Content starts

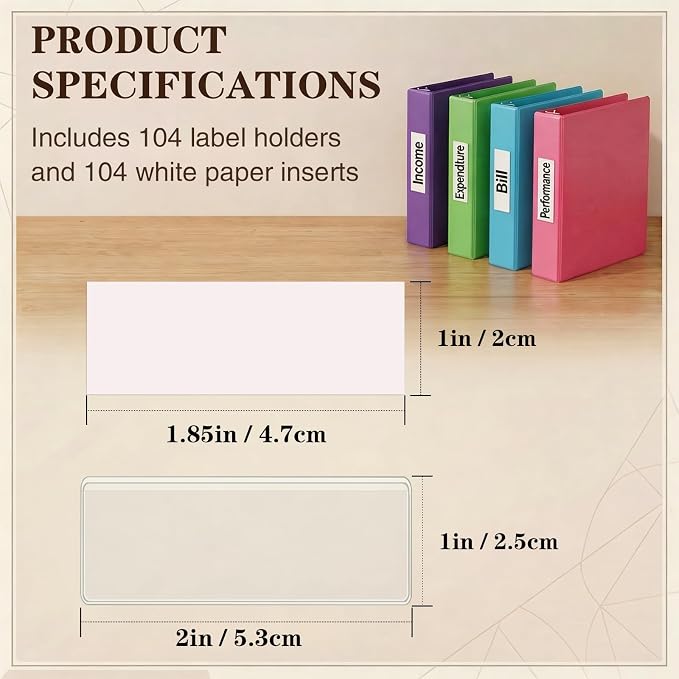 Self Adhesive Label Holders, ELEMGULY 104 Pack Adhesive Shelf Tag Shelf Label - Image 2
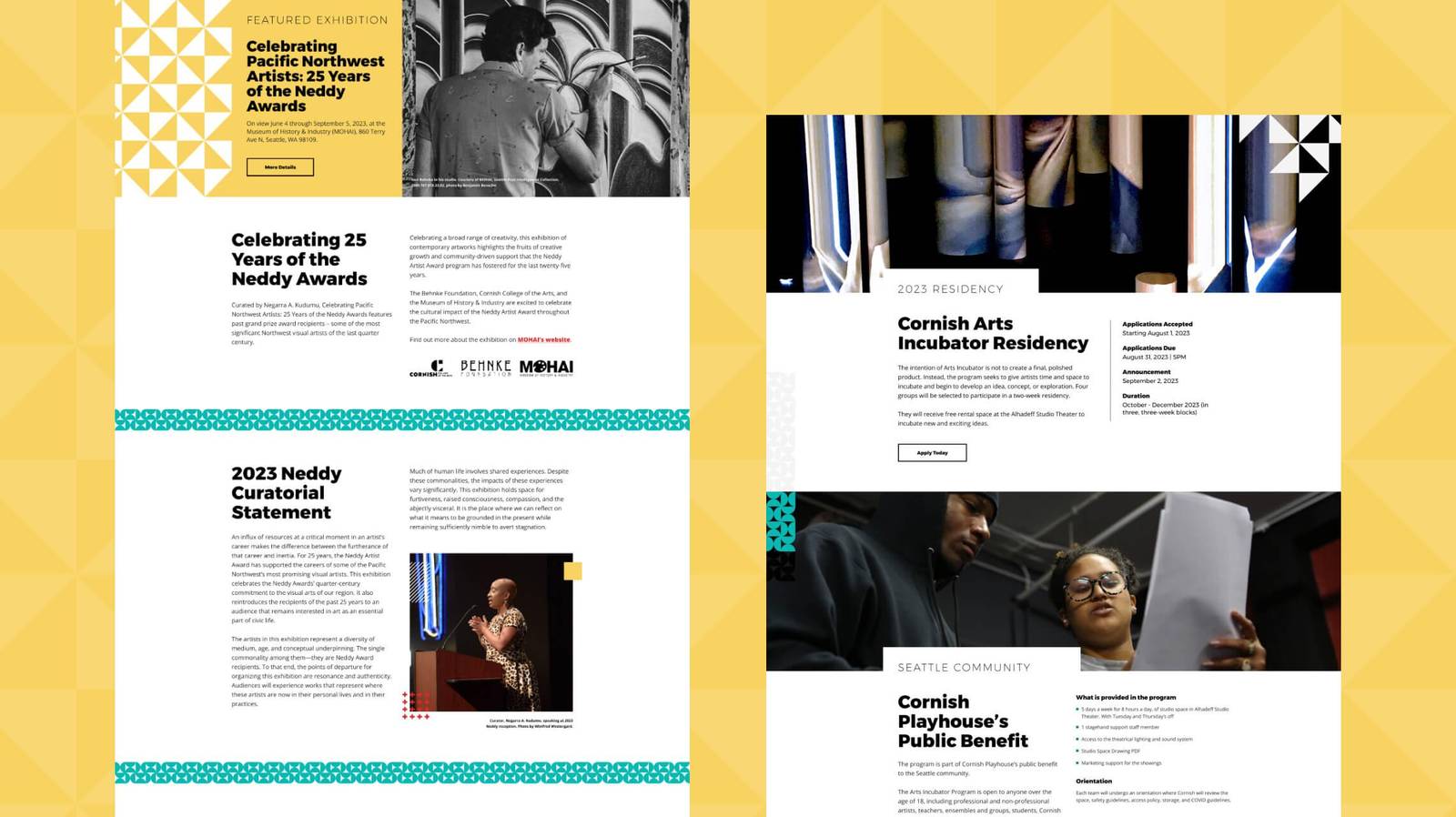 Cornish College of the Arts community section design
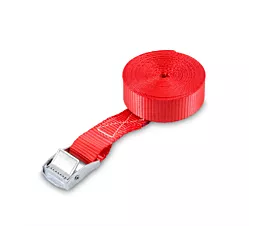Toutes les sangles 25mm Sangle d’arrimage - 250kg - 4m - 25mm - En 1 pièce - Boucle à came - Rouge - 10pcs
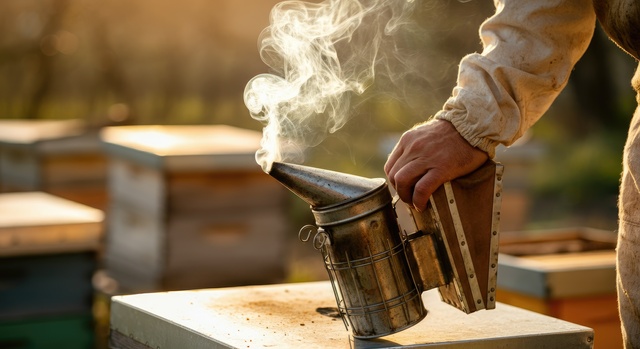 Beekeeper showcasing the smoker for the dusk harvest.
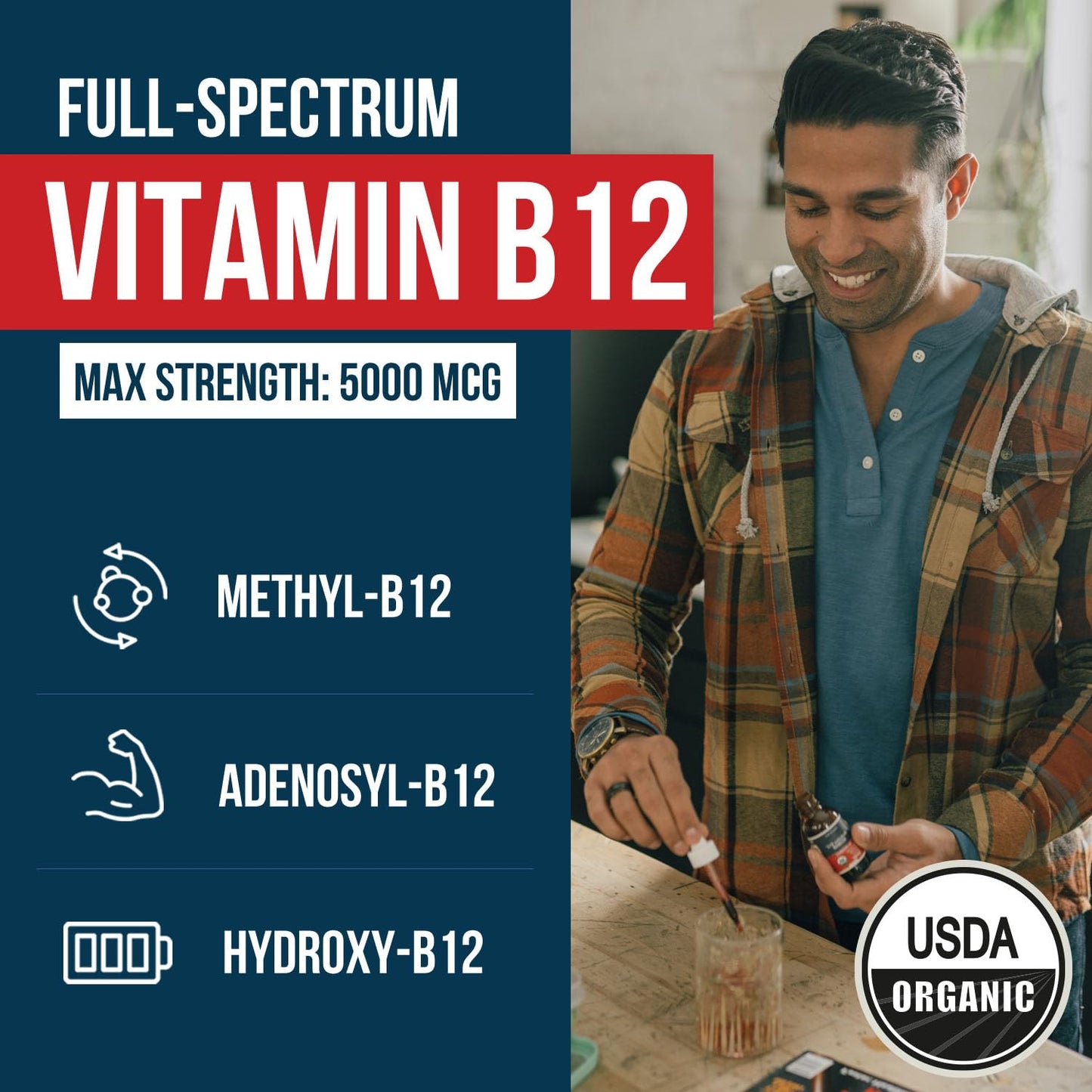 BioActive Vitamin B12 5000 mcg – 3 BioActive B12 Forms + Methylfolate | Sublingual Berry, Organic, Vegan (60 Servings)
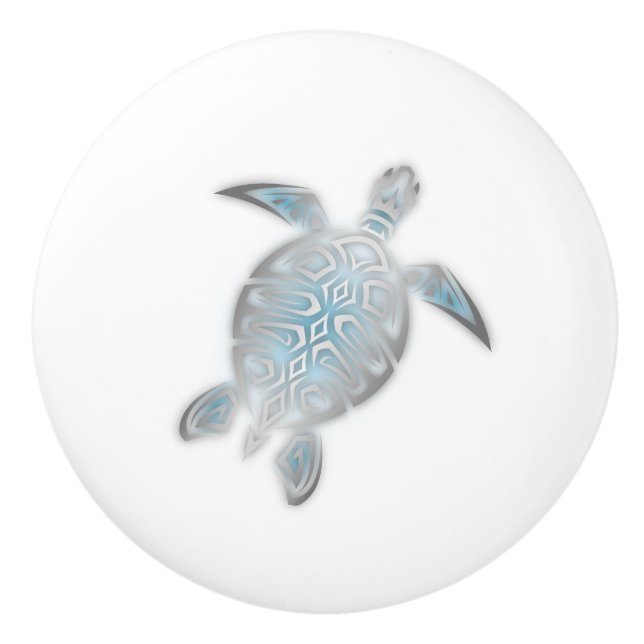 Silver Sea Turtle White Nautical Knopp (Framsidan)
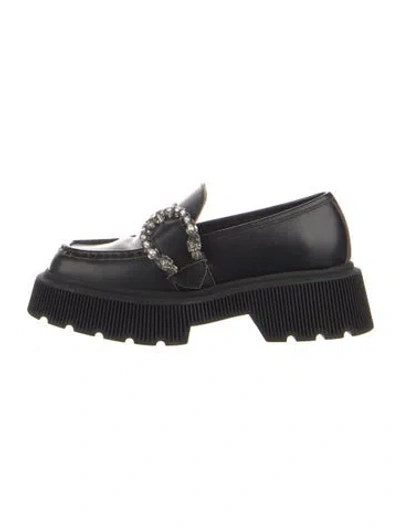 Pre-owned Gucci Dionysus Accent Leather Loafers In Black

Content ends

Copy every line above word for word and exclude the pictures.

> [Exercise response]
 Self Adhesive Label Holders, ELEMGULY 104 Pack Adhesive Shelf Tag Shelf Label - Image 2
 Cornish College of the Arts community section design
Toutes les sangles 25mm Sangle d’arrimage - 250kg - 4m - 25mm - En 1 pièce - Boucle à came - Rouge - 10pcs
 Beekeeper showcasing the smoker for the dusk harvest.
 BioActive Vitamin B12 5000 mcg – 3 BioActive B12 Forms + Methylfolate | Sublingual Berry, Organic, Vegan (60 Servings)
 Silver Sea Turtle White Nautical Knopp (Framsidan)
 Pre-owned Gucci Dionysus Accent Leather Loafers In Black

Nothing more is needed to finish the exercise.